Cezaevinde hasta tutuklular var ve bu tutukluların bazılarının durumu ağırdır. Aysel Tuğluk da bunlardan biridir. Brecht, devrimi çizmek isteyene, hamile bir kadının resmini çiz diyordu. Aysel, bugün çizilmesi, şarkı olarak söylenmesi gereken yüzlerce kadından biridir. Aysel bir simgedir. Yeryüzünde, inandığı ve sevdiği partisi dışında kimsesi de yoktur. Kürtlerin varsa şerefi, o temsil ediyordur. Bir halkın belleği acılarıdır, sevinçleridir. Bunlar bellek oluşturur. Dünyanın hiçbir tragedyasında, Aysel’in yaşadığı tragedyaya benzer bir tragedya olmamıştır: Annesi ölmüş ama cenazesi topraktan çıkartılmıştır. Ölüye saygısızlık ne kadar büyük bir şey ise, Aysel’in hastalığı, bu hastalığa karşı cezaevinde olması ve bunun için hiçbir şeyin, bir kampanyanın bile yapılmaması da o kadar utançtır. Aysel vekil olmayacaktır, parti bir görev veremeyecektir belki ama onun halkın gözleri içinde yeri vardır; toprağın gözü gibidir halkın gözü, tek bir tohumunu dışarı bırakmaz, tek bir bakışı…
Kürtler bugün başı dik yürüyorlarsa bu kadınların verdiği kavganın yüzü hürmetinedir. O oy verdiğimiz HDP, kadın partisi, kadın hareketi olarak vardır ve bununla, bütün ona oy veren seçmenler olarak gurur duyarız.

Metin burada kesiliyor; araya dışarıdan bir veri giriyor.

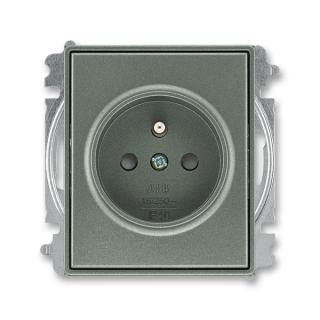 Zásuvka jednonásobná bezšroubová, s clonkami, 5519E-A02357 34, ABB, Time®, Time® Arbo, antracitová (ABB, Time®, Time® Arbo, antracitová)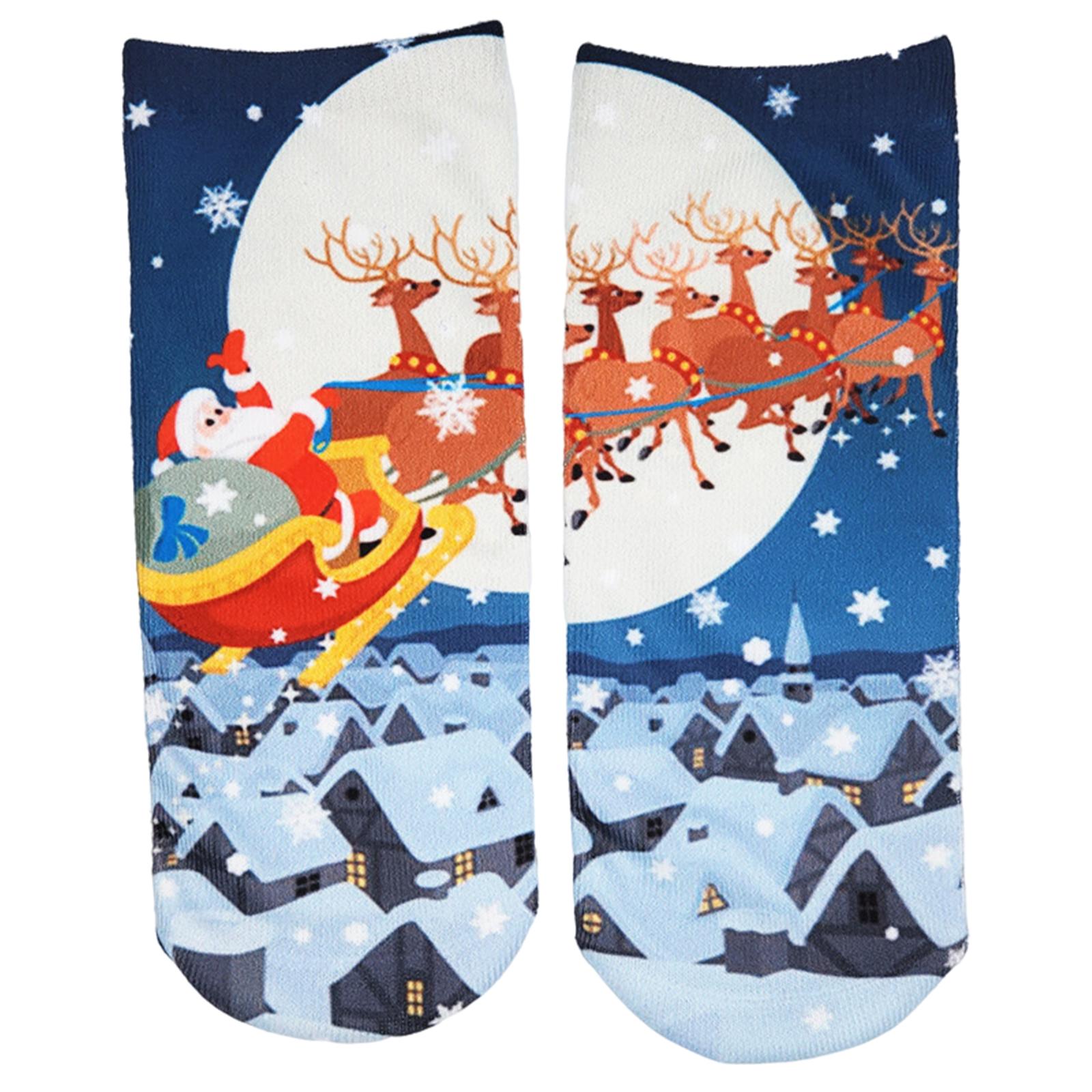 Fashion Low Crew Socks Chrismas Short Sock Breathable for Girls Boys Men  Santa snowflakes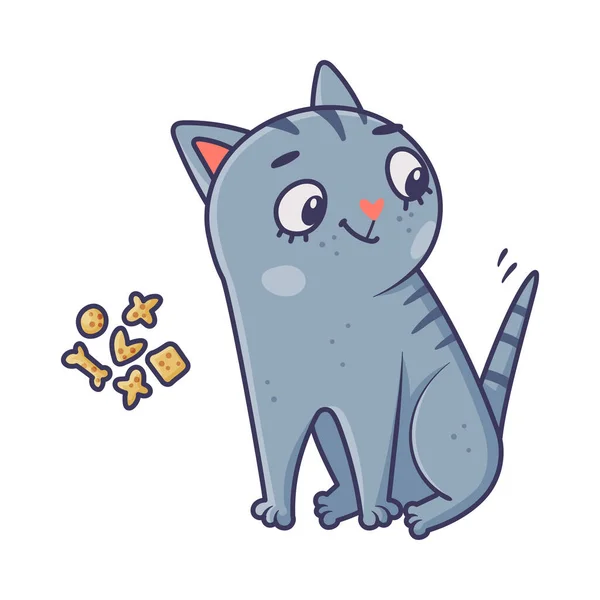 Divertente gatto blu con coda a strisce che sogna l'illustrazione vettoriale del mangime secco — Vettoriale Stock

Ama İyi partiden bir hadsiz, Pervin Buldan’a ağır sözler eder, kimseden ses çıkmazsa da, durup verdiğimiz oyu düşünmemiz gereklidir; bugünün bilgisi de değildir, İlahi Komedya’dan öğrendiğimiz bir şeydir bu, deriz: “Karakterin kaderindir.” Çok şey de istemiyoruz, “diken gibi sivri bulun dik davran, başına gülden çelenkler örsün devran.”